Éditorial
octobre 2014

Le retour de l’obscurantisme, sensible depuis plusieurs années, à présent éclatant, occupe les esprits et fait l’actualité. Le fanatisme religieux et le repli identitaire en sont l’expression la plus saillante et la plus inquiétante, mais sa hideur protéiforme prend d’autres visages, du refus de la vaccination à la banalisation des préjugés antisémites, de la multiplication des agressions homophobes au recul olfactivement manifeste de l'hygiène publique.

L’étonnant est que l’on ne s’interroge pas sur la responsabilité de l’école dans cette régression à la fois sociale et mentale. Il semble évident cependant que, si le rôle de l’école est d’apprendre à penser, elle n’est pas sans rapport avec la prolifération de gens ne pensant pas ou pensant mal. C’est qu’en vérité l’Institution donne le change en multipliant et en médiatisant ses actions d’« éducation citoyenne » : on nous demande de répéter aux élèves que le racisme, c’est mal, des films sont promus qui montrent que la tolérance, c’est bien, des associations sont invitées dans nos établissements pour dire que les garçons peuvent passer l’aspirateur et qu’il faut manger cinq fruits et légumes par jour...

Et pourtant... La bien-pensance a beau dégouliner sur nos élèves, elle les laisse secs, et peut-être même plus secs qu’ils ne l’eussent spontanément été. Car d’où parlent ces bons apôtres ? Quelle est leur autorité, au sein d’une Institution elle-même de moins en moins respectée ? En vérité, l’échec de la bien-pensance est indissociable, tant ils vont de pair, de l’échec du pédagogisme : on éduque à la vie en société un élève qui, non seulement n’en demande pas tant, mais ne reconnaît, d’ailleurs à juste titre, aucune légitimité à l’école pour lui dire quoi penser ni comment se comporter. Ce qui fait l’autorité d'une affirmation, c’est le raisonnement qui la démontre ; ce qui fait l’autorité du professeur, c’est son savoir. Et de même qu’on n'a cessé, ces dernières décennies, de substituer le prêche au cours, on a disqualifié l'école et atrophié l’intelligence des élèves.

Répétition n’est pas raison et ce n'est pas en ressassant jusqu’à l’écoeurement des idées généreuses qu’on les fait progresser : jamais fondées en raison, elles suscitent l’agacement et la suspicion et n’ont pas plus de poids que les discours déments et virulents que d'autres leur opposent. Au bout du compte, non seulement on n’a pas convaincu, mais on a même frayé pour l’ennemi !

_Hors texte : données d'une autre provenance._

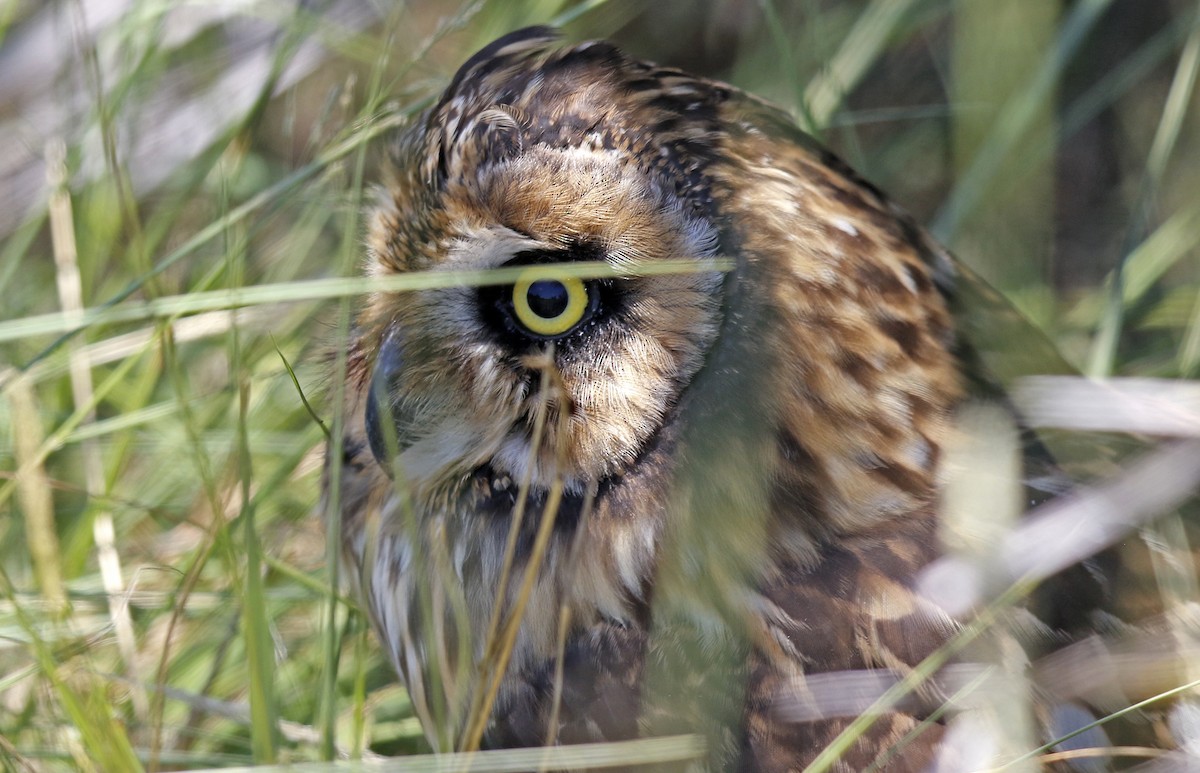 Short-eared Owl (Antillean) - ML243385541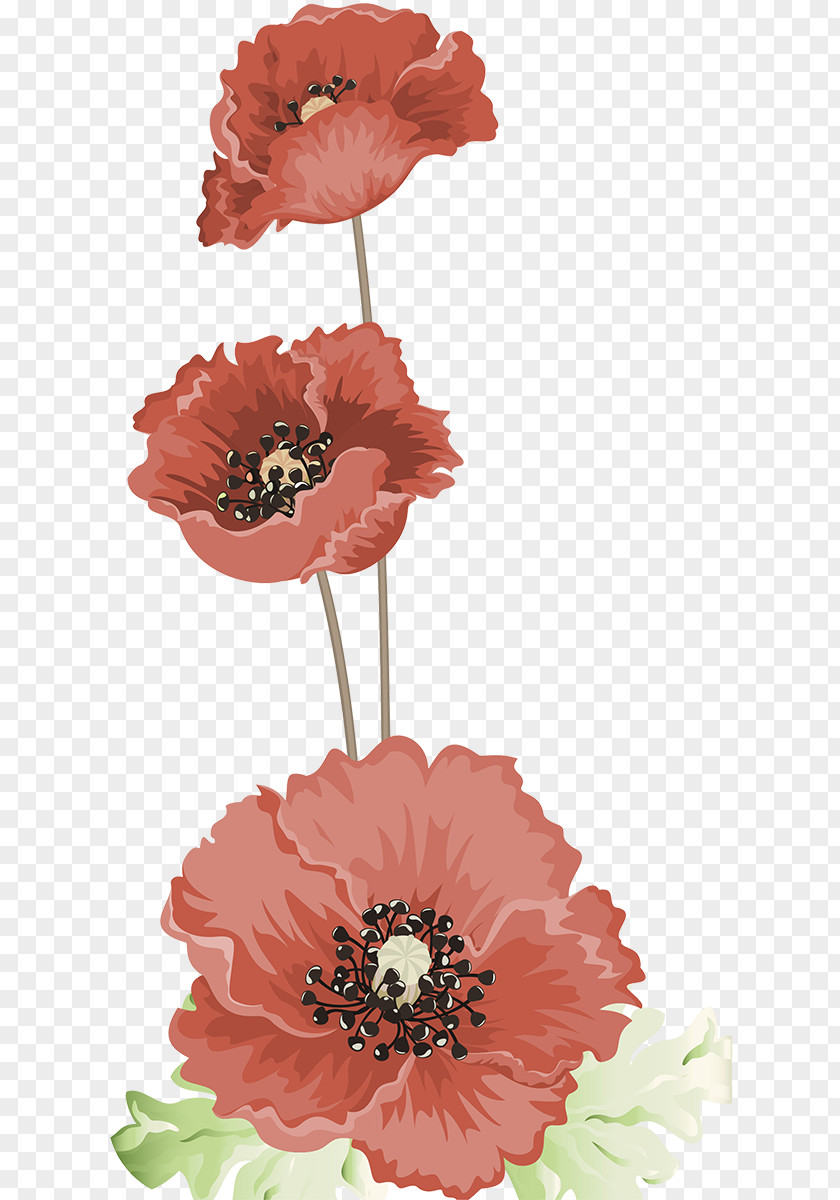 Poppy Psd Wedding Image Photography Flower PNG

Ce qui vraiment et seulement peut un tant soit peu prémunir de l’obscurantisme, c’est de couler son esprit dans la pensée, étrangère et complexe, d’un auteur qu’on explique et c’est de convoquer et d’articuler les auteurs expliqués dans une réflexion synthétique et contradictoire. Une collègue de lycée professionnel nous racontait un jour qu’un ancien élève lui avait un jour téléphoné pour lui révéler qu’il suivait dans ses atrocités, quand il l’eut pour professeur, un groupuscule de l’ultra-droite : c'est la lecture et l'explication de Candide en classe qui lui ouvrirent les yeux, comme à telle autre le plus fameux extrait du Vicaire savoyard donna la force et les mots pour refuser un voile.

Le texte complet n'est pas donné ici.